First you have to soak them to release some of the bitter tannins, though white oaks are known it be milder than most other acorn varieties. You can soak them for days, even weeks, rinsing the water regularly, soaking until the water stays mostly clear instead of turning dark brown like a tea. Then you can crack them open to get the nut meat out and roast those kernels before grinding into a flour.
We have predominantly white oaks in front of the house here. Huge old trees planted on contour on the steep front slope. Probably over 100 years old.
Acorn production levels happen in cycles every 2-5 years, the peak production of the cycle is called the Mast Year, but it seems science still does not know how or why the trees fruit in these cycles. One single huge oak can drop up to 10,000 acorns in a mast year… I’d say this was a mast year on our property, and we had about 5 oaks dropping acorns to boot. Needless to say, the squirrels and chipmunks have been happy.

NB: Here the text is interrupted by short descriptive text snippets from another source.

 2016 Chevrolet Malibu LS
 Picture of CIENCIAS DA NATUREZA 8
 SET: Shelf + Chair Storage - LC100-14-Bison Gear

[October Update: I tried shelling some but they are tough, it stained and tore up my finger tips. As I waited for my hands to feel better and for the nuts to hopefully soften up by soaking, I got half done and continued letting them soak. Then time started to get away from me, I kept putting off finishing the processing and/or not having enough time in any given one day to finish it all. They ended up getting too old and slimy from the soaking, even with my changing the water out. After all of that work I just ended up just tossing them all out into the bushes. No acorn flour to try this year… on a mast year no less. So far this was my one and only attempted homesteading project this year that I failed in.]